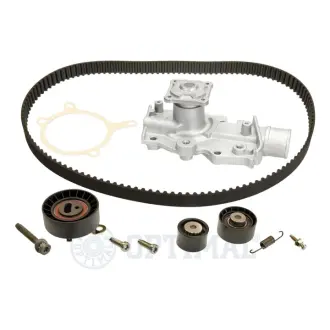 Водяной насос + комплект зубчатого ремня OPTIMAL SK1094AQ1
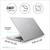 HP ZBook Firefly G10 Intel® Core™ i7 i7-1355U Mobile workstation 35.6 cm (14") Touchscreen WUXGA 16 GB DDR5-SDRAM 1 TB SSD NVIDIA RTX A500 Wi-Fi 6E (802.11ax) Windows 11 Pro Grey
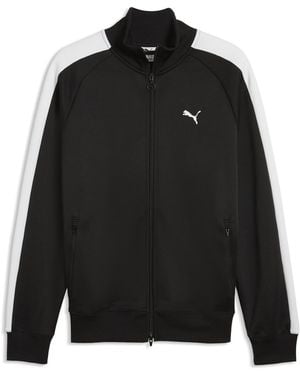 PUMA T7 Track Jacket - Black
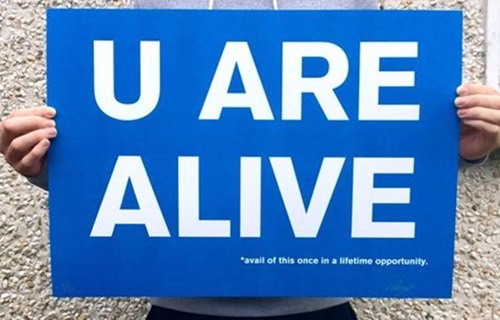 U Are Alive  by Maser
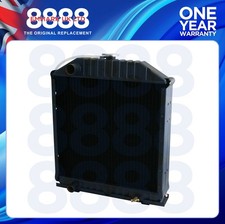 RADIATOR For Fiat 55-90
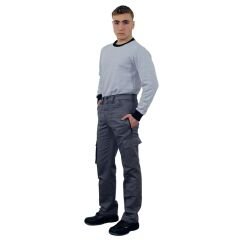 Persmont ÇÇP04K Unisex Avcı Gabardin Kışlık Pantolon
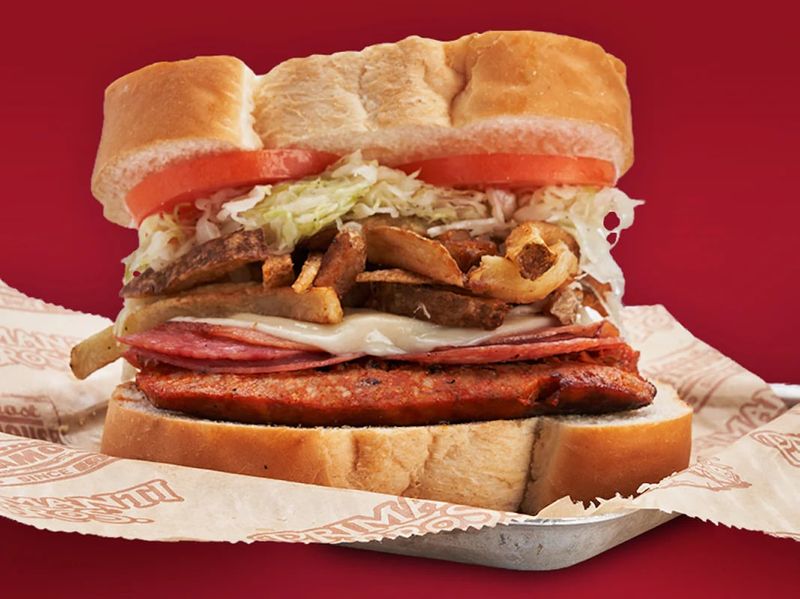 Cheese Doing The Quiet Hero Work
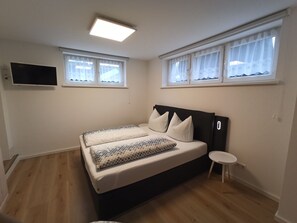 1 soveværelse, Wi-Fi, sengetøj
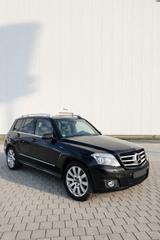 Mercedes-Benz GLK 220 CDI BlueEFFICIENCY - - Mercedes-Benz GLK-Class in Frankfurt (Main)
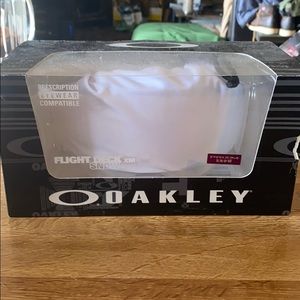 Oakley Flight Deck XM Matte Black w/ Prism Rose
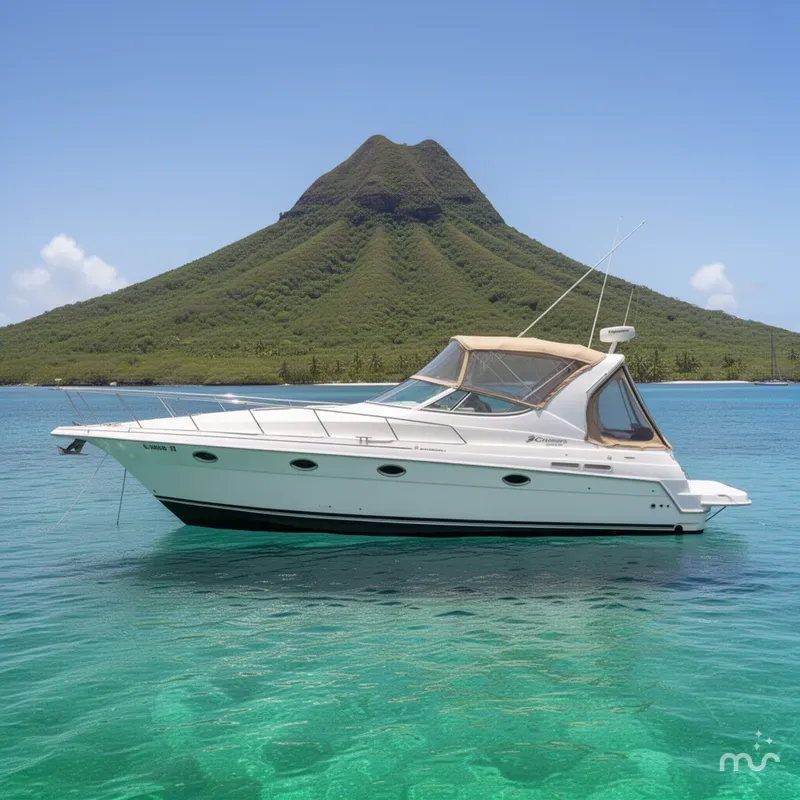 Slide: The Image of Cruisers 3372 Express 2002 - 2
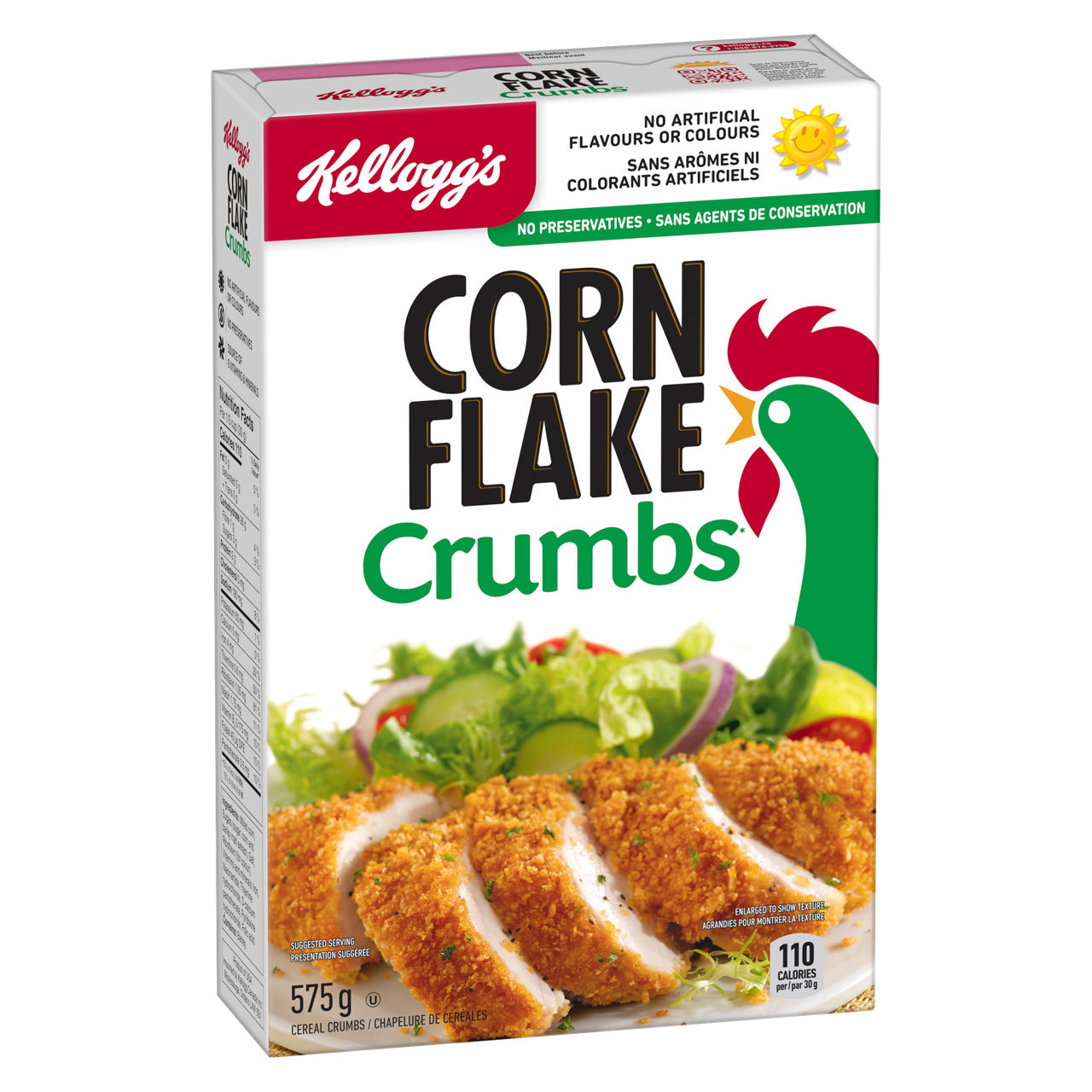 Kellogg's Corn Flakes® Crumbs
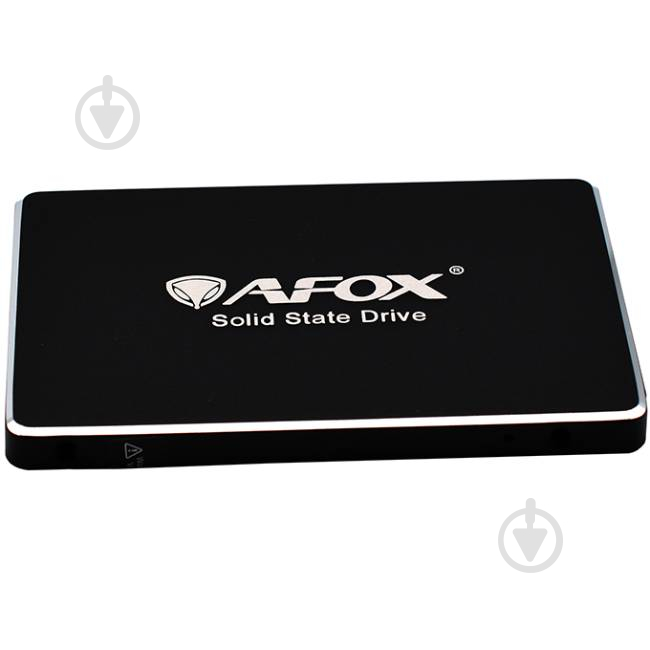 SSD-накопичувач AFOX 512GB 2,5" SATA III 3D NAND (SD250-512GQN) - фото 5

What is expected.
"Slide: The Image" marks the first line to copy; copy that line and every line after it through the last line of the listing, exactly and without pictures.

Output for this task.
 Slide: The Image of Cruisers 3372 Express 2002 - 2
 Kellogg's Corn Flakes® Crumbs
 SSD-накопичувач AFOX 512GB 2,5" SATA III 3D NAND (SD250-512GQN) - фото 5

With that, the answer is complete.